En réponse aux accusations de manipulation intentionnelle de la photo de Mme Sarka Touria sur sa Une du 11 septembre, «Libération», dans une tentative pour se blanchir, avait publié le 19 septembre un «checknews» renvoyant la responsabilité à l'AFP. L’auteure du checknews précise que la photo au cœur de la polémique est l’œuvre du photographe de l’AFP Fadel Senna et a été légendée par l’AFP comme suit : «Une femme réagit à la destruction de sa maison par le tremblement de terre, dans le centre-ville de Marrakech le 9 septembre 2023. Un puissant séisme qui a secoué le Maroc tard le 8 septembre a tué plus de 600 personnes, a indiqué le ministère de l’Intérieur, amenant des habitants terrifiés à fuir leurs maisons au milieu de la nuit». «Nulle mention, dans la légende, du fait que la femme invoque le roi au moment de la prise de vue», note-t-on dans le checknews.

D’après la directrice adjointe de «Libération», Alexandra Schwartzbrod, «le choix de cette Une a été présidé par l’alliance d’une photo et d’un titre qui soient le plus percutants possible afin de rendre compte de la tragédie». Concernant le fait d’appliquer une citation sur une photo qui ne soit pas tirée du même reportage, la directrice adjointe indique : «Ça nous arrive, mais c’est vrai que c’est rare qu’on le fasse quand ce n’est pas la personne en photo qui parle.

Là, on a considéré que cette femme incarnait tous ces Marocaines et Marocaines à la rue à cause du séisme et qui demandaient de l’aide.» En revanche, regrette-t-elle, «à aucun moment, il ne nous a été rapporté que cette personne pouvait être en train de dire “vive le Roi”. Il aurait été bon que l’AFP précise ce qu’elle était en train de crier», précise-t-on dans le checknews.

Commentant ces explications de «Libération», Me Binsard rappelle que «c'est leur Une à eux, et non celle de l'AFP. La déontologie des journalistes impose des vérifications, et dans ce cas, cette faute incombe à “Libération”». Selon l’avocat, «l'AFP peut être complice, et ça c'est au procureur de Paris d'en décider.

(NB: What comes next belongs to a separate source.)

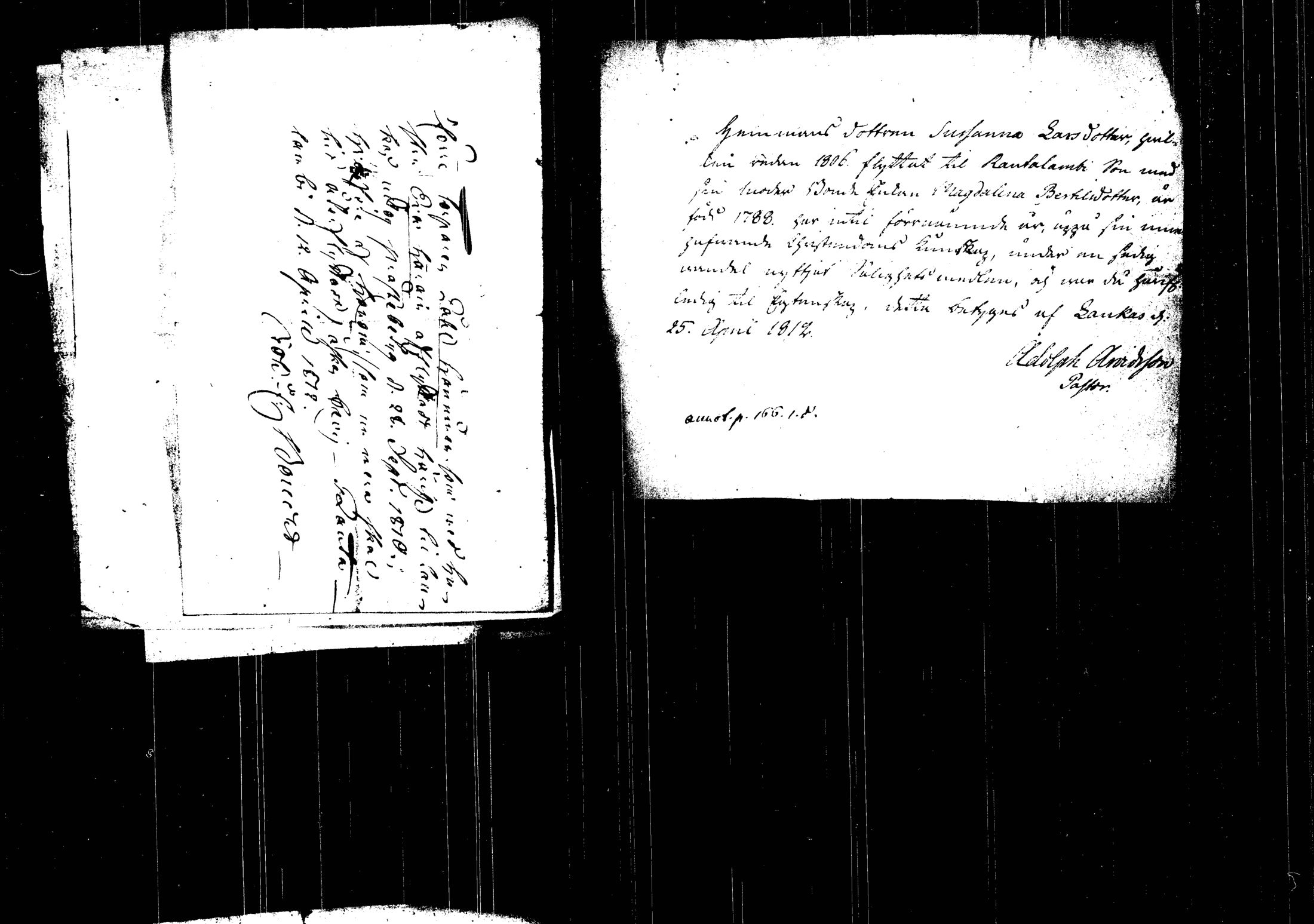 [ ../kirjat/Kirkonkirjat/rautalampi/muuttokirjoja_1808-1820_tk1104-1105/kuvat/266.jpg ]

Mais en tout état de cause, le principal responsable est “Libération”, qui a publié une Une associant une photo et des propos, sans préciser qu'il s'agissait d'un montage».

Autant dire que le quotidien de gauche, qui, en l’espèce, est à mille lieux d’incarner les valeurs de gauche, a commis une grave entorse à la déontologie journalistique. C’est pourquoi il se doit de présenter des excuses à la femme dont l’image a été éhontément exploitée, mais aussi à ses lecteurs qu’il a induits en erreur et qui faisaient confiance aux choix de sa rédaction. Mais au-delà des considérations juridiques de cette affaire, c’est la réputation de «Libération» qui a été sérieusement entachée aux yeux des Marocains, mais aussi des Français qui croient encore à l’éthique professionnelle des médias.